If you experience a hardware failure and have followed these practices, you can terminate the failed instance, launch your custom image to create a new instance, and then apply the backup data.
Make sure to keep the DHCP client running so you can always access the instance. If you stop the DHCP client manually or disable NetworkManager (which stops the DHCP client on Linux instances), the instance can't renew its DHCP lease and will become inaccessible when the lease expires (typically within 24 hours). Do not disable NetworkManager unless you use another method to ensure renewal of the lease.
Stopping the DHCP client might remove the host route table when the lease expires. Also, loss of network connectivity to your iSCSI connections might result in loss of the boot drive.
If you created your instance using an Oracle-provided Linux image, you can use SSH to access your instance from a remote host as the
opc user. After logging in, you can add users on your instance.
If you do not want to share SSH keys, you can create additional SSH-enabled users.
If you created your instance using an Oracle-provided Windows image, you can access your instance using a Remote Desktop client as the
opc user.

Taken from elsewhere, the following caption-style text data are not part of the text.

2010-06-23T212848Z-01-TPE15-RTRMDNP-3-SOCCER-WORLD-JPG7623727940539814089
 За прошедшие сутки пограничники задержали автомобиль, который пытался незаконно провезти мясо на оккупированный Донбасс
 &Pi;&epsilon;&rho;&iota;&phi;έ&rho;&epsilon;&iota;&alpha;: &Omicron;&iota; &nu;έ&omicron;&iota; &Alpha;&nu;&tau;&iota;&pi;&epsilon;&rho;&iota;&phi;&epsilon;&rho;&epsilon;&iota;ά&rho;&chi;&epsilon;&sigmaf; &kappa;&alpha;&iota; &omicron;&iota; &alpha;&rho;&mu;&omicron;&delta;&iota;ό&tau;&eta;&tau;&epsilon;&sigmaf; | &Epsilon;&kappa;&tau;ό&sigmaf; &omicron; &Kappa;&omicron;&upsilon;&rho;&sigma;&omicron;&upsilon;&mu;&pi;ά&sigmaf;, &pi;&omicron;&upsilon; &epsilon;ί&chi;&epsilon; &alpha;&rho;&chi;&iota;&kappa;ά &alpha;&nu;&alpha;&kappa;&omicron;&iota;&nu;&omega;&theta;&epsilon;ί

After logging in, you can add users on your instance.
For more information about user access, see Adding Users on an Instance.
Oracle Cloud Infrastructure offers a fully managed, secure, and highly available NTP service that you can use to set the date and time of your Compute and Database instances from within your virtual cloud network (VCN). Oracle recommends that you configure your instances to use the Oracle Cloud Infrastructure NTP service. For information about how to configure instances to use this service, see Configuring the Oracle Cloud Infrastructure NTP Service for an Instance.
A fault domain is a grouping of hardware and infrastructure that is distinct from other fault domains in the same availability domain. Each availability domain has three fault domains. By properly leveraging fault domains you can increase the availability of applications running on Oracle Cloud Infrastructure. See Fault Domains for more information.
Your application's architecture will determine whether you should separate or group instances using fault domains.
Scenario 1: Highly Available Application Architecture
In this scenario you have a highly available application, for example you have two web servers and a clustered database. In this scenario you should group one web server and one database node in one fault domain and the other half of each pair in another fault domain. This ensures that a failure of any one fault domain does not result in an outage for your application.
Scenario 2: Single Web Server and Database Instance Architecture
In this scenario your application architecture is not highly available, for example you have one web server and one database instance. In this scenario both the web server and the database instance must be placed in the same fault domain. This ensures that your application will only be impacted by the failure of that single fault domain.
Customer-Managed Virtual Machine (VM) Maintenance
Today when an underlying infrastructure component needs to undergo maintenance, we notify you in advance of the planned maintenance downtime. To avoid this planned downtime, you have the options to reboot, or stop and restart your instances prior to the scheduled maintenance. This makes it easy for you to control your instance downtime during the notification period. The reboot, or stop and restart of a VM instance during the notification period is different than a normal reboot. The reboot, or stop and start workflow will stop your instance on the existing VM host which needs maintenance and restarts it on a healthy VM host. If you choose not to reboot during the notification period, then Oracle Cloud Infrastructure will reboot your VM Instance before proceeding with the planned infrastructure maintenance. Customer-managed VM maintenance is currently supported only on standard instance shapes running Linux-based operating systems. This includes Oracle-provided platform images or custom images imported from outside of Oracle Cloud Infrastructure. For information on rebooting or restarting your instance prior to planned maintenance, see Stopping and Starting an Instance.